29 For whom he did foreknow, he also did predestinate to be conformed to the image of his Son, that he might be the firstborn among many brethren.
30 Moreover whom he did predestinate, them he also called: and whom he called, them he also justified: and whom he justified, them he also glorified.
—Romans 8:28-30

2) Believe in God and be baptized: Certainly, one must believe in God, but the Scriptures tell us, over and again, that salvation comes by faith in Christ, by believing in the Son of God. For example:

16 For God so loved the world, that he gave his only begotten Son, that whosoever believeth in him should not perish, but have everlasting life.
17 For God sent not his Son into the world to condemn the world; but that the world through him might be saved.
18 He that believeth on him is not condemned: but he that believeth not is condemned already, because he hath not believed in the name of the only begotten Son of God.
—John 3:16-18

Every Protestant professing Christian I know considers the ordinance of baptism to be of great importance, but not necessary to salvation. In baptism, the Christian publicly identifies with the death, burial and resurrection of Jesus Christ; thereby proclaiming his faith to the world. He is not saved by baptism, nor are any sins forgiven as a consequence of being baptized. There is nothing in Scripture to suggest that, in baptism, sins are forgiven. Catholic spokesmen sometimes point to John's baptism for repentance as a proof that baptism removes the stain of sin. This is not so, of course, for it was but a call to Jews to publicly declare their intention to repent of their worldly ways and to return godly living.
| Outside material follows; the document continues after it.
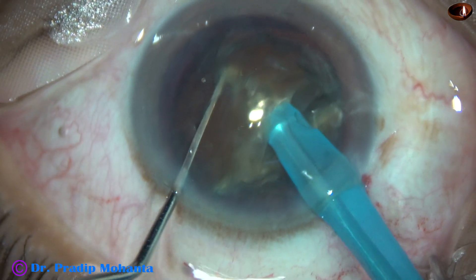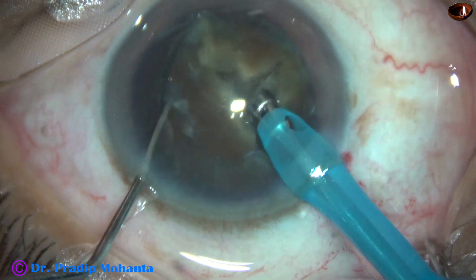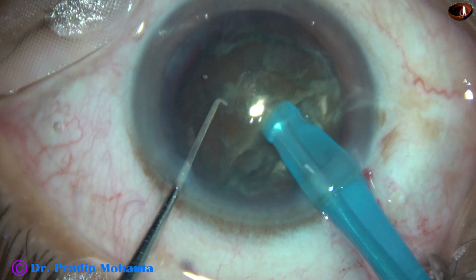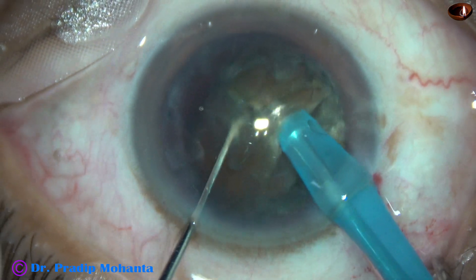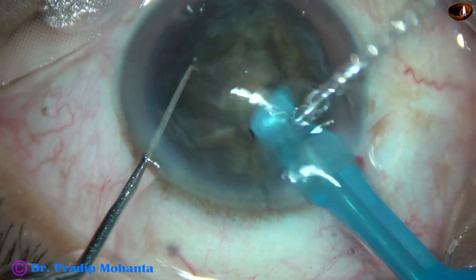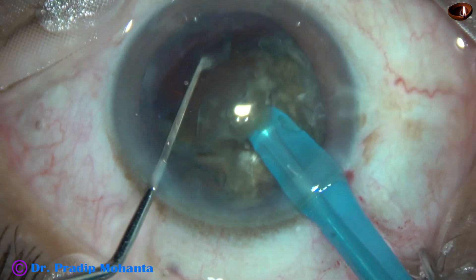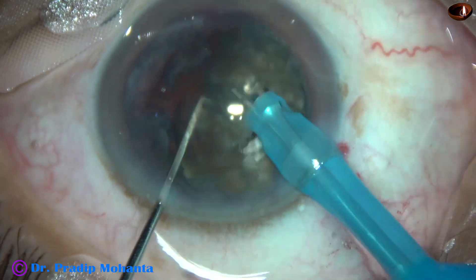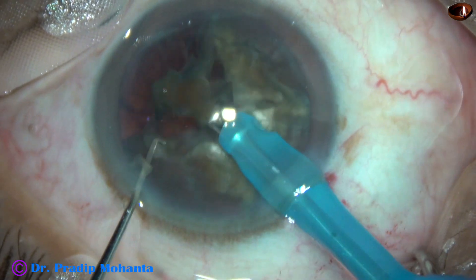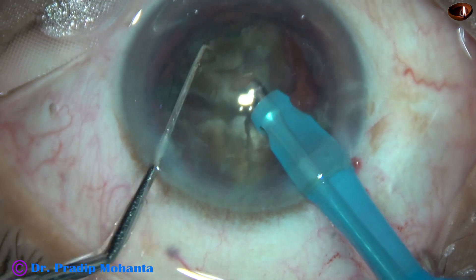Each heminucleus is subdivided into two large fragments. The tip goes through the substance of the heminucleus and it is chopped. From the very beginning, the vacuum is 450 mmHg, flow rate is 45 ml per minute, and ultrasonic energy is 85% in continuous mode. Each nuclear piece is being subdivided into two smaller pieces and emulsified.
Jesus submitted to John's baptism. Surely He had no sins of which He needed to be cleansed. Baptism is a work, in the Roman Church it is a sacrament; in Protestant churches it is an ordinance. Having water dribbled on the forehead or taking a dip, in either church, does not erase sin and its effects on man. Salvation is by faith, not by works.

3) Persevere to the end: This is a tough issue. Even in some non-Catholic churches, there are those who believe that God's mercy and salvation are sometime things to be given and taken away repeatedly. The Bible is clear that not one soul that God gives to the Son will be lost – not a single one. Is God a liar?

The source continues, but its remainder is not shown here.